Como sempre, não é por falta de dinheiro que isso não acontece. Pagamos os impostos mais altos do mundo. Só que o dinheiro é usado, antes de mais nada, para fazer felizes esses cidadãos especiais que são os funcionários públicos, e não para retornar como serviços prestados pra quem paga os impostos. E como neste “Brasil para todos”, quem corocô, corocô, não há recuos na parcela que eles comem do que pagamos de impostos. Isto sim, a Constituição garante. Logo, se um governante bem intencionado quiser resolver o problema das calçadas, começa logo a falar em aumento de imposto porque, cortar, gastos, você sabe, é ilegal neste país.
Enfim…
Não quero desanimar todo mundo que precisa de calçadas decentes e em especial, quem precisa delas mais que os outros. Mas toda vez que ouço essa história, me lembro de duas velhas crônicas do Brasil seiscentista que guardo em meu computador pra não esquecer o quanto são fundas as raízes dos nossos problemas.

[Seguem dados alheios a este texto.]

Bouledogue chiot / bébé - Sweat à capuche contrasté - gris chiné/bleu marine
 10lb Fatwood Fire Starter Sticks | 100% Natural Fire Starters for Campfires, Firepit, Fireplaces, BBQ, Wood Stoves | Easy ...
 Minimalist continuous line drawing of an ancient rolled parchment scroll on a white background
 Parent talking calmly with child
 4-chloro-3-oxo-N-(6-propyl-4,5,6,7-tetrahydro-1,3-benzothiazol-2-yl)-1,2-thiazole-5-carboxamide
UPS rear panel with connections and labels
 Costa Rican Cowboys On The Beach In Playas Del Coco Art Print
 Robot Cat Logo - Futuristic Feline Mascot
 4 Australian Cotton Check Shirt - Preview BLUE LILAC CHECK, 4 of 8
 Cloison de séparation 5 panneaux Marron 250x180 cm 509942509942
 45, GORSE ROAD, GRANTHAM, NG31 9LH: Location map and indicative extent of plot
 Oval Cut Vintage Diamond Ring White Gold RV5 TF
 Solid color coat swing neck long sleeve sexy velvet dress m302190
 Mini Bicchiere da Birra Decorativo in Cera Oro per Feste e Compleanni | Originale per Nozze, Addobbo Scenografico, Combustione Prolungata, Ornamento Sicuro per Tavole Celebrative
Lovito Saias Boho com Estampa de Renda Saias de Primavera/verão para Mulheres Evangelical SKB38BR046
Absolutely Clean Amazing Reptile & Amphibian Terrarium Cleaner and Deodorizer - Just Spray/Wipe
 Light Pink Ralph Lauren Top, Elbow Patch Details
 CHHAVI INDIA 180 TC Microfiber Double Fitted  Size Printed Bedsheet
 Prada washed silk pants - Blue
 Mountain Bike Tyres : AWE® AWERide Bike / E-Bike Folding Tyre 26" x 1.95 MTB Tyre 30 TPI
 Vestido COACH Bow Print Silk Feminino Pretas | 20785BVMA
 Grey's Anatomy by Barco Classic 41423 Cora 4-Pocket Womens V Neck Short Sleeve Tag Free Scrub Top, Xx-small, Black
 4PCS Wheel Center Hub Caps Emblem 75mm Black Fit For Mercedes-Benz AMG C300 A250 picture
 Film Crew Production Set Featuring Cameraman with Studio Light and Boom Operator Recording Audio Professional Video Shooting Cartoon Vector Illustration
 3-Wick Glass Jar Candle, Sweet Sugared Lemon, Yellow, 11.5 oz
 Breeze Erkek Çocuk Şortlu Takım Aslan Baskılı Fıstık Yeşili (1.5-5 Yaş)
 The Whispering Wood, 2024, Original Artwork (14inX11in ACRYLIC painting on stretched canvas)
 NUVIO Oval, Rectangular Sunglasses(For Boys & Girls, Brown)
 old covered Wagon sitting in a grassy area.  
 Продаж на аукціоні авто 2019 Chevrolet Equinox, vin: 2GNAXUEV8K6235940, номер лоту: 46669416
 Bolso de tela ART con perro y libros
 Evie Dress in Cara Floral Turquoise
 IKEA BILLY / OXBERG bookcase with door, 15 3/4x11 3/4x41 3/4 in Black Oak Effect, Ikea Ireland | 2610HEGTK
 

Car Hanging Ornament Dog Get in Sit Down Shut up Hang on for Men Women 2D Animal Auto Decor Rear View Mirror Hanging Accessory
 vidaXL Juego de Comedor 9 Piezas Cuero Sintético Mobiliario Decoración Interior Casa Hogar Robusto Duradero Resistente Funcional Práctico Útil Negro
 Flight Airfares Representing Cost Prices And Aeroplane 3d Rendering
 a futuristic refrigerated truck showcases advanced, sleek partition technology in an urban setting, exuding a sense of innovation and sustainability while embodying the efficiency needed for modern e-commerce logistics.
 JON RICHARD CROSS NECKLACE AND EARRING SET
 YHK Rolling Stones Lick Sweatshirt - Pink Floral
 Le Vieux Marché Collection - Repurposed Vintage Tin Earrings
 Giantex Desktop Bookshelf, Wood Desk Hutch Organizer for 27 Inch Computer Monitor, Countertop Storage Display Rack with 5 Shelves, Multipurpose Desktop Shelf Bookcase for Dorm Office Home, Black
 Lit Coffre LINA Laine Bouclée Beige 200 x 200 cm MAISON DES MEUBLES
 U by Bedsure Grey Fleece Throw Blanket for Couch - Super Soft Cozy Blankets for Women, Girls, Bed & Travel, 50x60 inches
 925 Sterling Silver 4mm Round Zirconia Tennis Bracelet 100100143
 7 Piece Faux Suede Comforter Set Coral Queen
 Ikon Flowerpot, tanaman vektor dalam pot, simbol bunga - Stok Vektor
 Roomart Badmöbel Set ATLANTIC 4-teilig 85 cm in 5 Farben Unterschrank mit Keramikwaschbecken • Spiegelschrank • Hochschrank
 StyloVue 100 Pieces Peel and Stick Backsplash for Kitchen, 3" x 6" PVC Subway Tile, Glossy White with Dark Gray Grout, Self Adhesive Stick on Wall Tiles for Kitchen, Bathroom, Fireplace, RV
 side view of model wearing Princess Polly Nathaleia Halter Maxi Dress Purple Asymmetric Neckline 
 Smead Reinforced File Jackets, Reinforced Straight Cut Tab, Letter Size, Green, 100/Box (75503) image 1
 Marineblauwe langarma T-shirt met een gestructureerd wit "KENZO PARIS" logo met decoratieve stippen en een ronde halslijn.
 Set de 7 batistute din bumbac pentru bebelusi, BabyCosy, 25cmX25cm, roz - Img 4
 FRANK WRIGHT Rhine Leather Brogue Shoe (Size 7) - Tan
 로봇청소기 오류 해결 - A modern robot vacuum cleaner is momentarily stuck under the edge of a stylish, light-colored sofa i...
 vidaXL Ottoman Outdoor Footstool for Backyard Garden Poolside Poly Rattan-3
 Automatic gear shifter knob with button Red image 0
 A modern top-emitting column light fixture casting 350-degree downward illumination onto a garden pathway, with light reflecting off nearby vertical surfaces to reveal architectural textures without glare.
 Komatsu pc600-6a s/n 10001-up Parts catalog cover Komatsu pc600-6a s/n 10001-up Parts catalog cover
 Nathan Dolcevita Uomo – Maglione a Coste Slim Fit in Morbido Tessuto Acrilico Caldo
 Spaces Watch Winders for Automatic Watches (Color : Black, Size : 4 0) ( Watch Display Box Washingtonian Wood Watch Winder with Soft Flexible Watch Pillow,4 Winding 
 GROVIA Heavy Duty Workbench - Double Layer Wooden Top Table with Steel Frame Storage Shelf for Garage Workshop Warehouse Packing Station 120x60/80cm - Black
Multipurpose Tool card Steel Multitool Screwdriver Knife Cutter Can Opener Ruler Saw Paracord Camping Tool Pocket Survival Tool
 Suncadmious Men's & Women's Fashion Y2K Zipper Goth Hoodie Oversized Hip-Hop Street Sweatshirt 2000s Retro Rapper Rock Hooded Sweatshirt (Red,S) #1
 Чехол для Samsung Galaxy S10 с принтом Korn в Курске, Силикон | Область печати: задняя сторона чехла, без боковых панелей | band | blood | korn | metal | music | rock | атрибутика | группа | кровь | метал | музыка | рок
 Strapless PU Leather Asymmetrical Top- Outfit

Uma é de 1650 e poucos, do Padre Vieira, e diz assim:
“Em todo o estado do Maranhão não há açougue, nem ribeira, nem horta, nem tenda onde se vendam as cousas usuais para o comer ordinário, nem ainda um arratel de açúcar, com que fazer na terra. E sendo que no Pará todos os caminhos são por água, não há em toda a cidade um barco ou canoa de aluguel para nenhuma passagem. (…) para um homem ter o pão da terra há de ter roça; para comer carne, há de ter caçador; para comer peixe, pescador, para vestir roupa lavada, lavadeira; e para ir à missa ou a qualquer parte, canoa e remeiros. E isto é o que precisamente têm os moradores mais pobres, tendo os de mais cabedal costureiras, fiandeiras, rendeiras, teares e outros instrumentos e ofícios de mais fábrica; com que cada família vem a ser uma república”.
Outra é do padre Simão de Vasconcelos, escrita mais ou menos na mesma época:
“De onde nasce que nenhum homem desta terra é repúblico, nem vela ou trata do bem comum, senão cada um do bem particular. Pois o que é fontes, pontes, caminhos e outras coisas públicas, é uma piedade, porque, atendo-se uns aos outros, nenhum as faz, ainda que bebam água suja, e se molhem ao passar os rios e se orvalhem ao passar os caminhos”.


![Cadeirante[1][1] Cadeirante[1][1]](https://i0.wp.com/vespeiro.com/files/2009/10/cadeirante11.jpg?resize=150%2C150)
Fernão,
concordo plenamente com seu artigo. A calçada eh responsabilidade do poder publico.
quanto aos 30 mil km. de calçadas já deve ter secretário das finanças e vereador pensando em criar um IPTU de calçadas.
Na mosca, Carlos,
Essa não tem erro. A reportagem do JT já tocava nisso. Eu é que fui pouco explícito nesse ponto, ao resumi-la.
eh verdade fernão; depois de fazer meu comentário, vi uma entrevista sobre isto no site do estadão.
fim da picada as condições das calçadas e das ruas do país inteiro…Coitados dos exepcionais e tb das próprias pessoas comuns, pq ninguem cosegue andar por aí, se não prestar atenção e olhar p o chão podemos quebrar a perna!!!
Nojo dos nossos governantes, abaixo a corrupção!!!